Media Continue to Defend Airing Shooter Video
Jon Klein of CNN said, "Information these days is like steam. It escapes through the tiniest cracks. The notion that any piece of information ever can be sealed away, I think, is a relic of the past."
So the mainstream media needs to contribute to the coarsening of our culture and encouraging copycats by making a murderer's dreams come true?
Things may leak out onto the Internet, but there's no reason for the networks to make a murderer's "manifesto" instantly available to millions of people.
Steve Capus of NBC said, "I did not want to do anything to cause greater pain. We worked as journalists to present the matter in the proper light, and I think we did."
There seems to be an oxymoron there. Capus claims not to have wanted to cause the bereaved greater pain, yet he deliberately did that very thing, presenting "the matter in the proper light," whatever that might be. Meanwhile, his network scored a huge ratings victory.
Capus put being "first" and making money over ethics, common sense, and compassion. There's no other way around it.
As the L.A. Times quotes a comment left at MSNBC, "What is the standard? Will we next be seeing beheadings and full-length terrorist propaganda films?"
An apt question. NBC has been justifying airing the video by claiming they cannot withhold "news" about the case. So how could they withhold terrorist propaganda in future? The murderer's video and photos are no different from any terrorist's video.

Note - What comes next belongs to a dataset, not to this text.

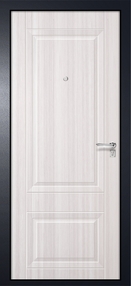 Стальная дверь, Элит Строй Классик, серебро-ясень белый, 860*2050 (Л), в комплекте с замком, MEGI DOORS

A victim's father asks: "I want to issue a direct personal plea, to all the major media. For the love of God and our children, stop broadcasting those images and those words. Choose to focus on life and the love and the light that our children brought into the world and not on the darkness and the madness and the death."
Previous posts on this topic: April 18th and 19th.
Update: A round-up of quotes about NBC's decision by Hugh Hewitt.
A forensic psychiatrist was quoted on ABC yesterday as saying NBC's decision was a "social catastrophe."